Nope does not fog. It is a soft wax that you put into a ceramic warmer (no flame just a lightbulb) The lightbulb warms the ceramic, hence the name warmer. It does not get hot to the touch. The wax melts at a low temperature and it is a carrier for the scented oils in it. The wax can also spill all over a pet or kid and it will not burn them. Unlike the other warmers I have, the wax will not boil or steam or basically cook and burn lol. They also carry creams, sprays, kids toys, laundry detergent (an entire line), soaps, air fresheners, scent packs for drawers and to put into the toys to scent them, body sprays, lip balm, etc
If a dog or child tries to eat the wax or scent beads in the scent packs it wont taste very good but it will not harm them (or so they say).


----------



## indreamx (Dec 5, 2013)

Where can u get scenisy?


----------



## The Guy (Nov 26, 2010)

Fishy_Addiction said:


> Those aren't good for you.
> 
> I stick with organic incense and essential oils. The air is not heavy, it is natural, and smells real.
> 
> ...


I suggest you do a little research on this product, as I said I was skeptical as well about the scent being too heavy and it really is not at all I find.
I'm kind of an open the window guy for fresh air, but in the dead of winter these seem to work ok.


----------



## skabooya (Jun 15, 2010)

indreamx here is the link to my consultant.

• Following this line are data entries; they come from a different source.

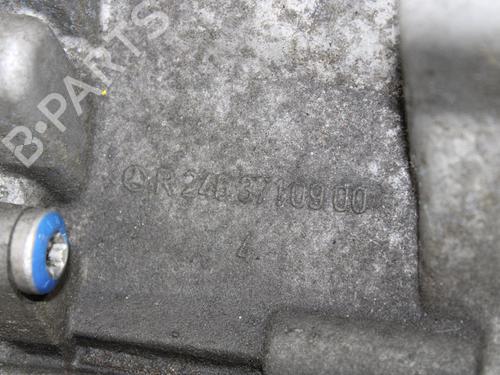 Gearbox MERCEDES-BENZ CLA Coupe (C117) CLA 180 (117.342) | BP13808652M3 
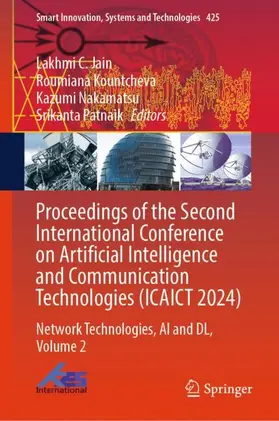 Jain / Patnaik / Kountcheva |  Proceedings of the Second International Conference on Artificial Intelligence and Communication Technologies (ICAICT 2024) | Buch |  Sack Fachmedien
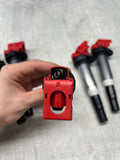 15-20 BMW IGNITION SPARK PLUG COIL PACK F80 F82 F83 M3 M4 S55 DINAN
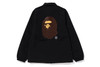 Picture No.2 of BAPE BAPE LOGO COACH JACKET -ONLINE EXCLUSIVE- 1J75-140-001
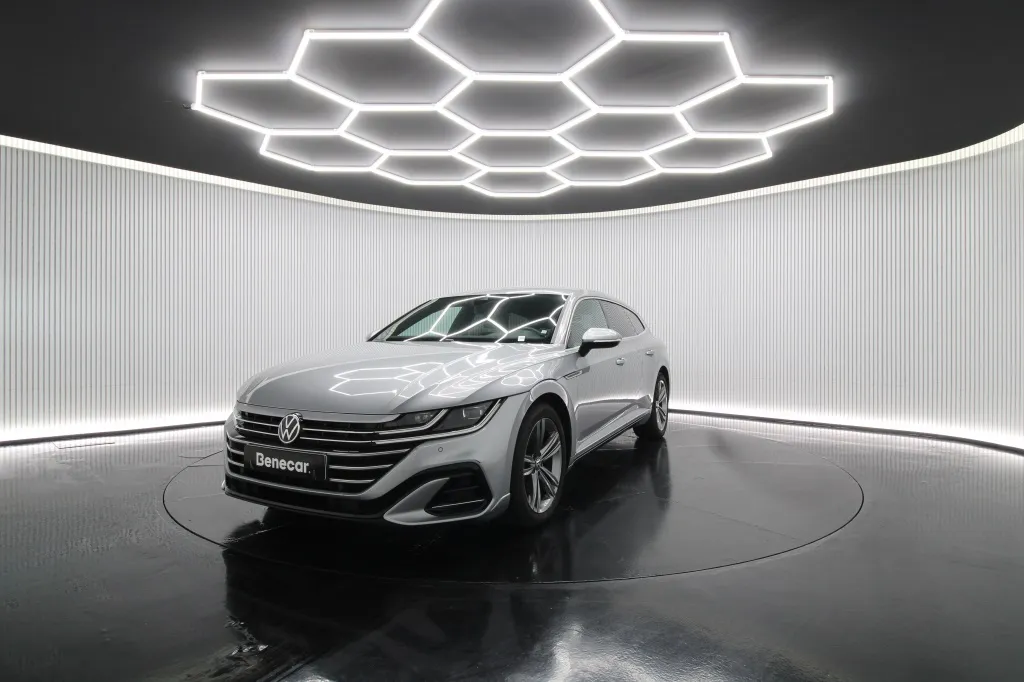 Volkswagen Arteon Shooting Brake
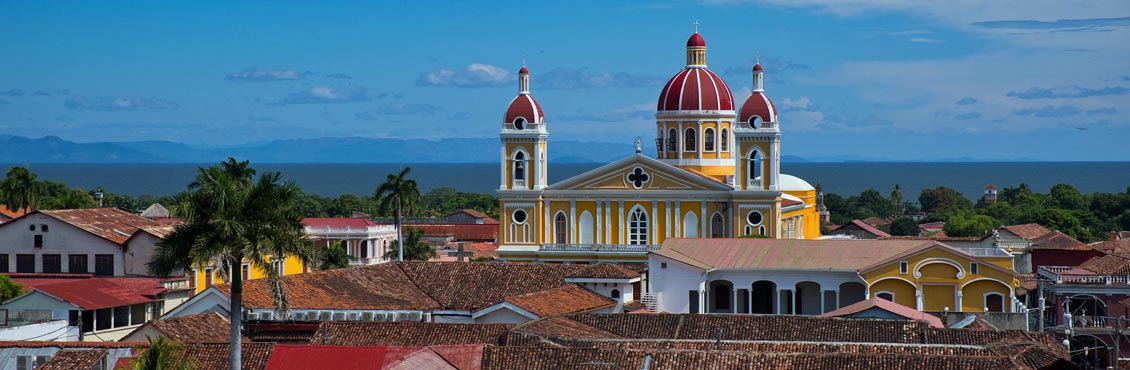 Granada (Nicaragua) City Featured Image
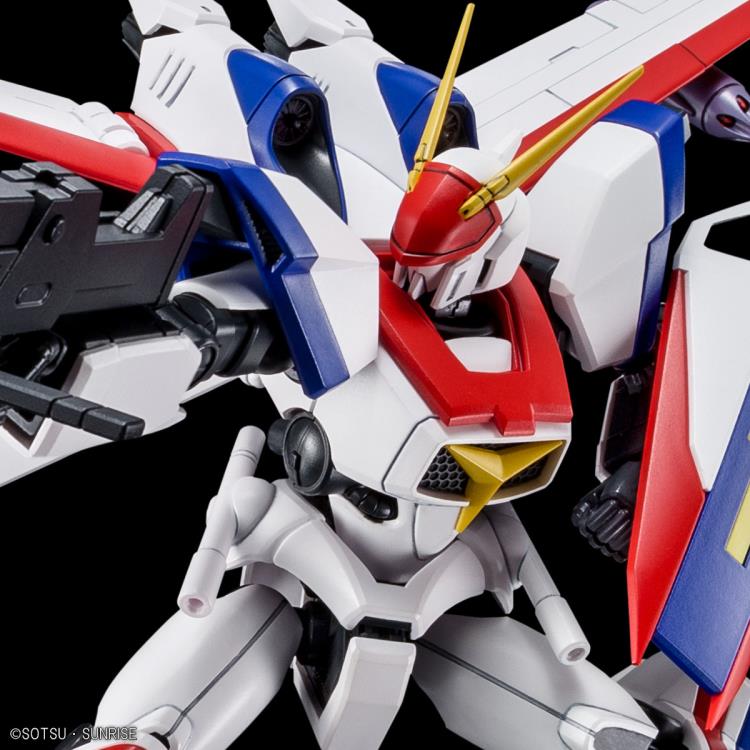 Metal Armor Dragonar HG XD-01 Dragonar 1 (LIFTER-1 Equipment Type) 1/144 Scale Model Kit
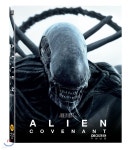 에이리언 : 커버넌트 (1Disc 슬립케이스 초회 한정판) : 블루레이 | Ridley Scott | 20세기 폭스 - 예스24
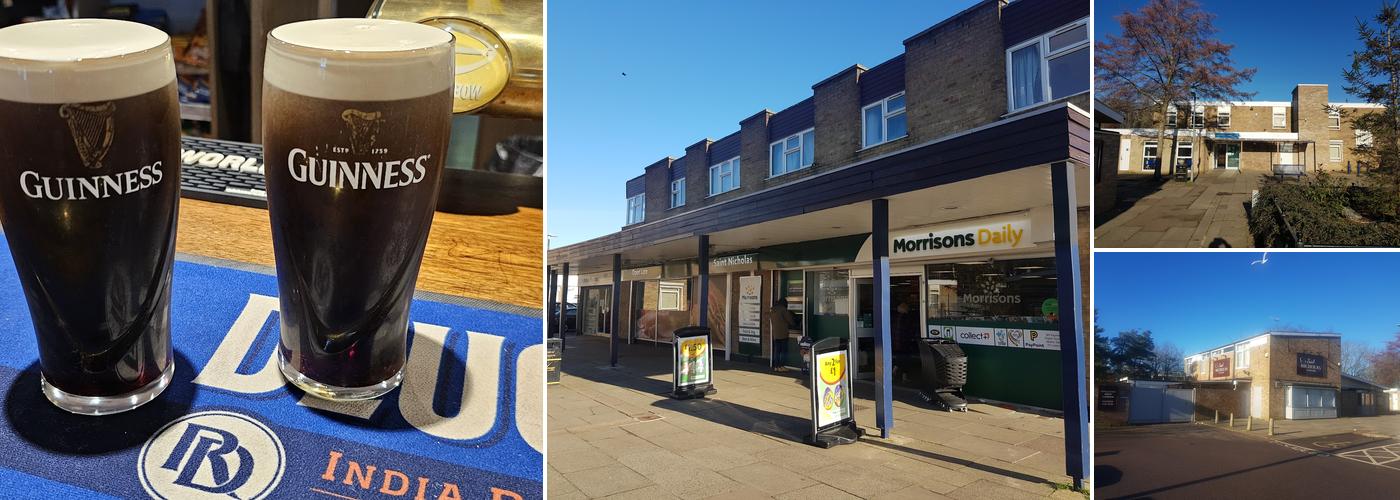 Saint Nicholas Pub/Tavern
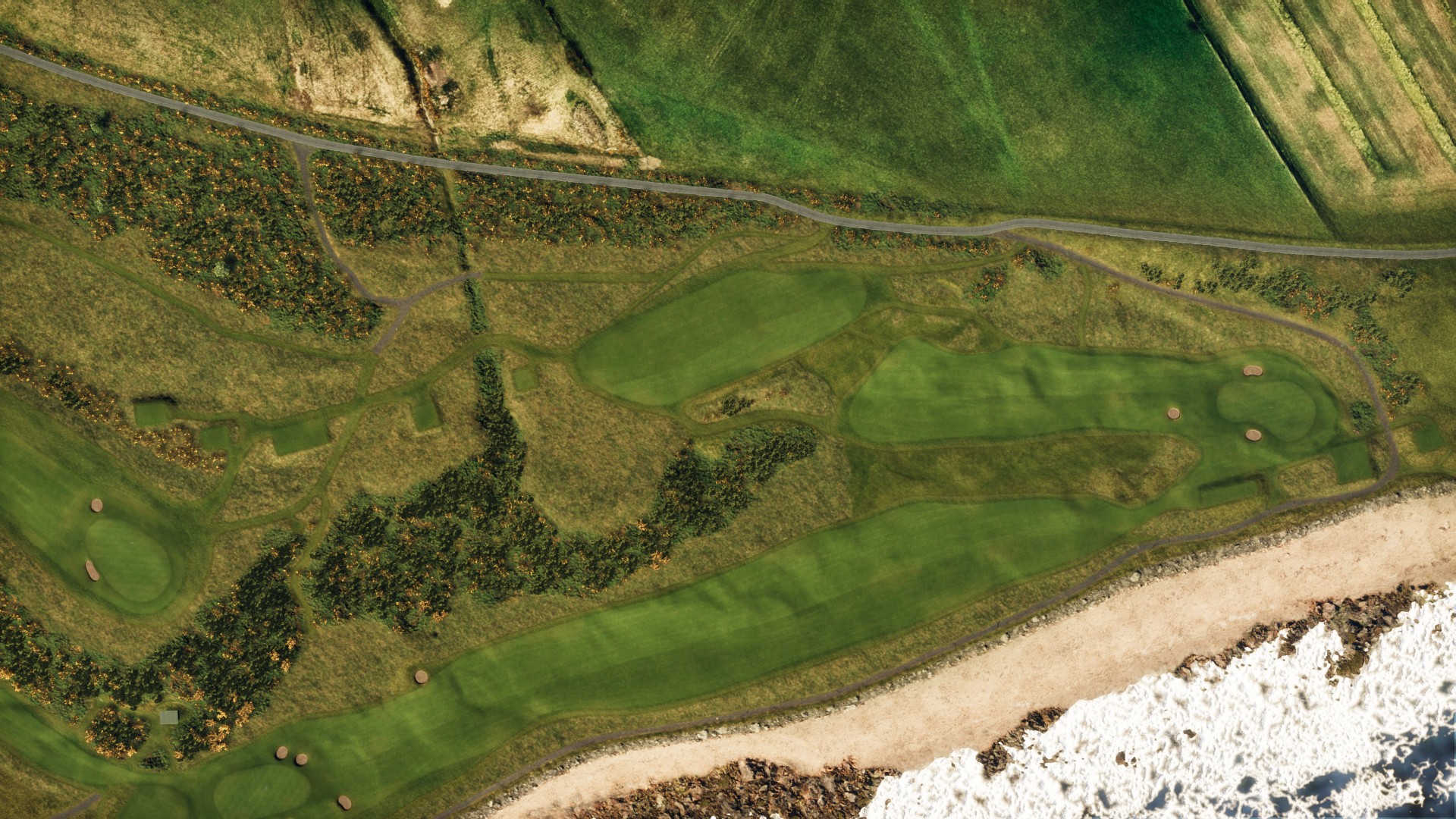 Hole 8
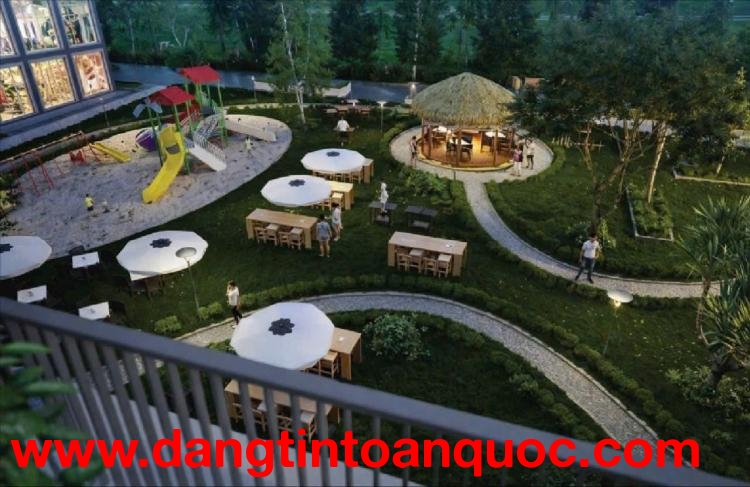MỞ BÁN CHUNG CƯ MỚI – TRUNG TÂM KĐT HỒNG HÀ ECO CITY, YÊN SỞ - HÀ NỘI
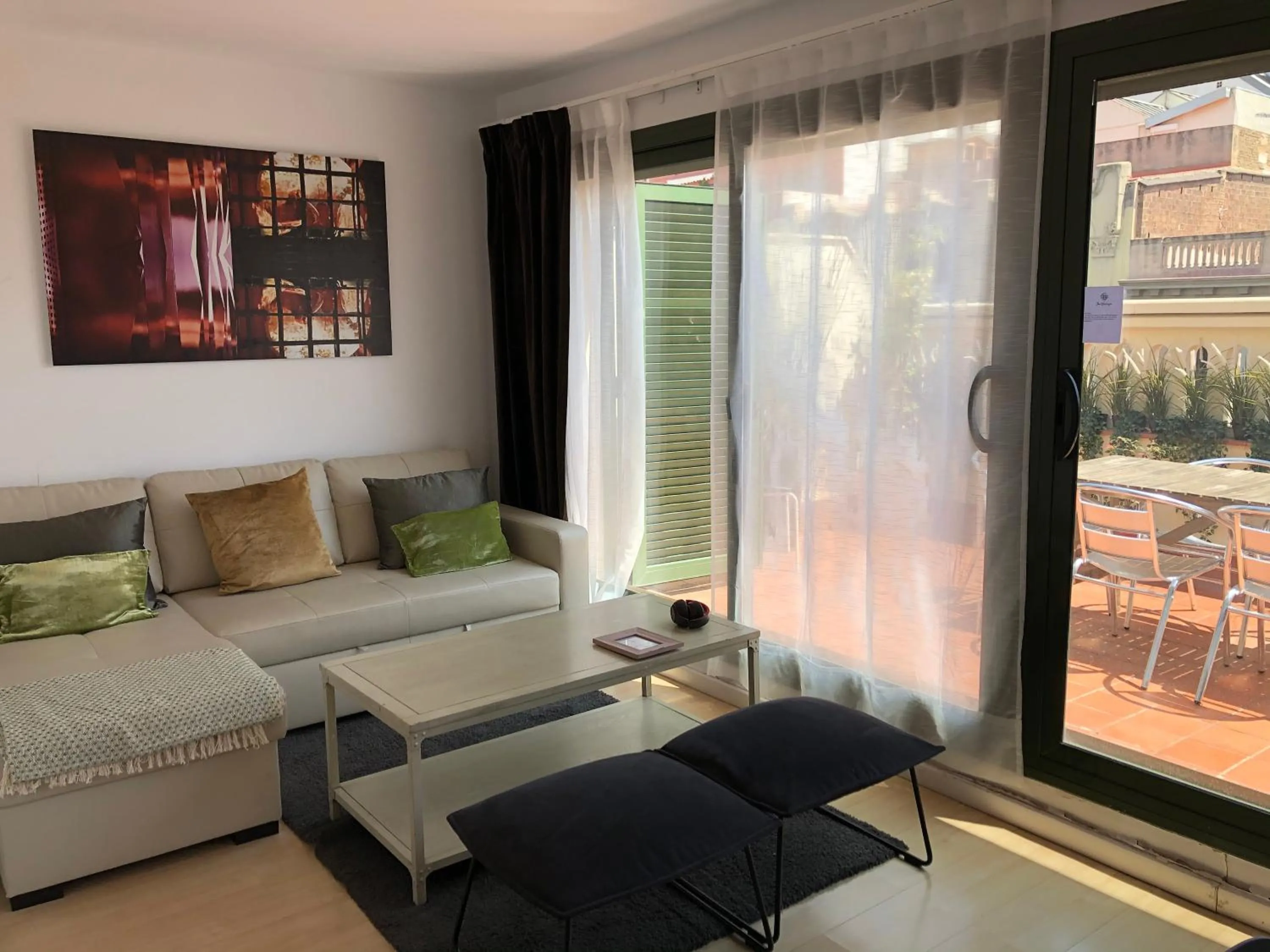 Plaza Catalunya City Center Apartments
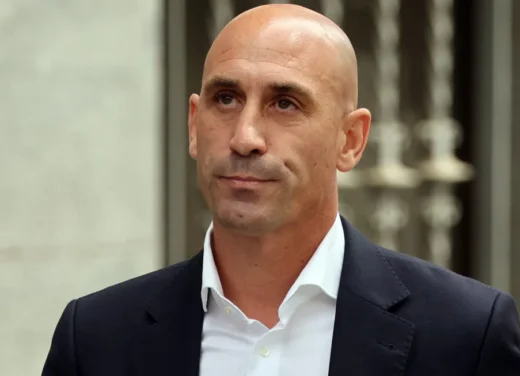 Rubiales Banned for Three Years: Accused of Inappropriately Touching England Players and Kissing Spanish Player Without Consent at World Cup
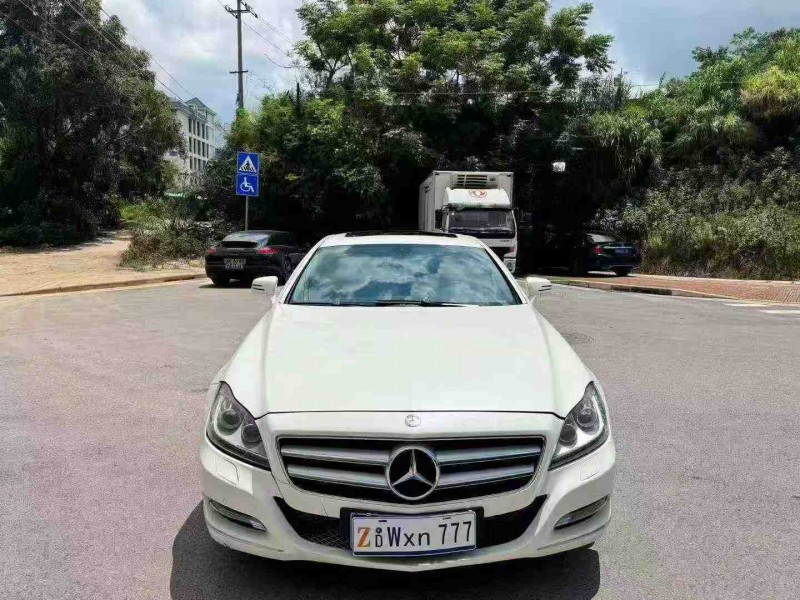 南宁13年奔驰CLS1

I currently have a party open for the rest of this week. If you want anything it will get shipped right to your door. 
https://deanabuller.scentsy.ca/Scentsy/Home

I am seriously a fan of this stuff. You can also see if there is a consultant in your area and order from them. I strongly suggest starting with scents in the favorites section as they are faves for a reason. The majority of people like those. Also, the smells are exactly as stated. ex There is one called newborn nursery and it smells just like baby powder/baby cream and maybe a hint of baby butt cream lol. But overall a strong baby powder smell. Another is tomato vine and it smells EXACTLY like my mom and grandmothers greenhouse. Just like tomato vines lol. Blueberry cheesecake (which I am getting) smells JUST LIKE BLUEBERRY CHEESECAKE! Perk me up smells like my fav mocha coffee from a quality coffee house.


----------



## skabooya (Jun 15, 2010)

PS they have a line just for men too. There are others that I think should be in the man line as well but they are not. By the Sea and Heartbreaker come to mind. I like those. My husband thinks By the sea is alright. He is more into the fruity smells lol. My son loves Pinapple Sorbet. It smells just like a pinapple sorbet and you can mix the wax to create new recipe smells for your home.


----------



## indreamx (Dec 5, 2013)

Ohhh i thought this was something that you could pick up in stores. I see that it is a direct marketing. Im out. Thanks for the info.


----------